20,046 page doc archive still available

From: John Foust <jfoust_at_threedee.com>
Date: Fri Sep 3 20:01:51 2004

Back in March 2001 I posted about a cache of 20,046 pages
of scanned docs I received from someone on the net.
See the TOC below, followed by his explanation of how
he did it.

It consumed several CD-Rs, compressed. I now have a DVD burner
as well, so I'd be glad to make copies on new or old media.
(It is actually all available on a hidden web page that
I disclose if someone sends me a pointed email, but I'd
hate to stress my little T-1.)

Anyone care to upgrade it to OCR'd PDF or whatever would be
considered a next-best method of preservation and search-ability?
I know it's possible with a handful of Linux, but my to-do list
is already too long.

- John

I've made contact with a guy who's scanned 20,046 pages of the
docs listed below, at 300 to 400 DPI. He first told me about the
UCSD p-System docs he'd scanned. Below the list is his description
of the process he followed.

I'm planning to get a copy of what he has and burn it to CD-R.
Does anyone else have an interest in these docs, or have any
ideas about distribution without massive copyright violation?

- John

        MOS 6502 datasheet
        6502 Assembly Language Subroutines (Leventhal)
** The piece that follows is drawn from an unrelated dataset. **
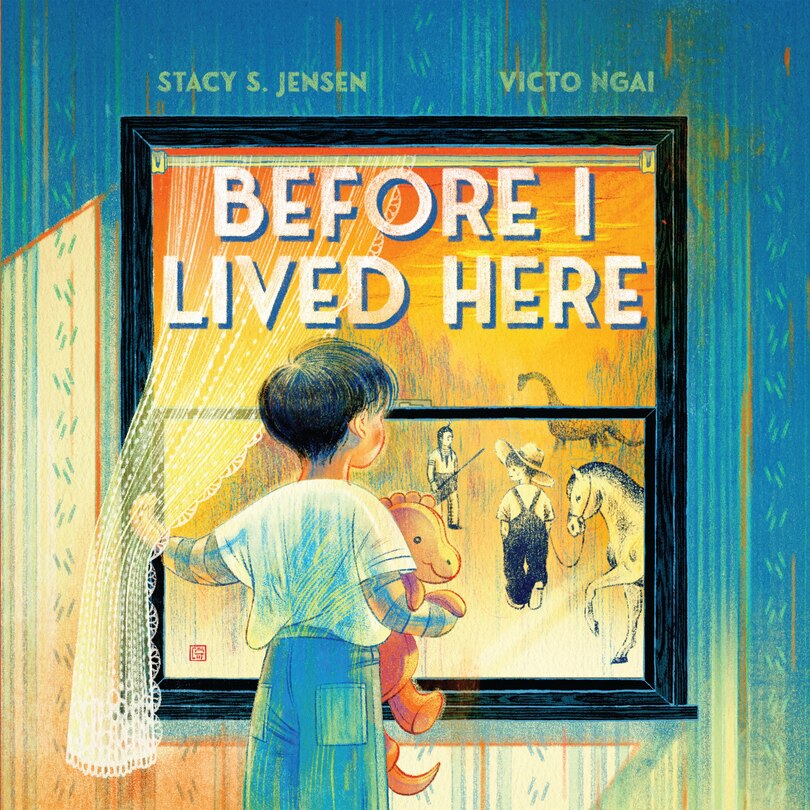 Front cover_Before I Lived Here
        AMD 29000 Memory Design Handbook
        Am29027 Arithmetic Accelerator
        Am29C327 Floating Point Processor

    Data General
        C Language Reference Manual
        GATE User's Manual
        AOS/VS Internals Manual
        AOS/VS Programmer's Manual, volume 1
        AOS/VS System Calls Dictionary
        CEO User's Manual
        Eclipse 32-bit Principles of Operation
        Eclipse 32-bit System Functional Characteristics
        Fortran-77 Environment Manual
        Fortran-77 Reference Manual

        Clipper User's Manual

        RISC System Programmer's Guide
        R3000 Assembly Language Programmer's Guide
        R3000 Hardware User Manuals
        R3000 Language Programmer's Guide
        High-speed CMOS databook

        68000 Family Reference
        68020 User's Manual
        68851 User's Manual
        88100 User's Manual
        88200 User's Manual
        Linear Interface Integrated Circuits

        53C90A/B Advanced SCSI Controller (2 different manuals)
        53C94/5/6 databook
        53CF94/96-2 Fast SCSI Controller
        Disk Array Controller Firmware
        Disk Array Controller Hardware
        Disk Array Controller Software
        Floppy Disk Controller (SCSI-to-FD)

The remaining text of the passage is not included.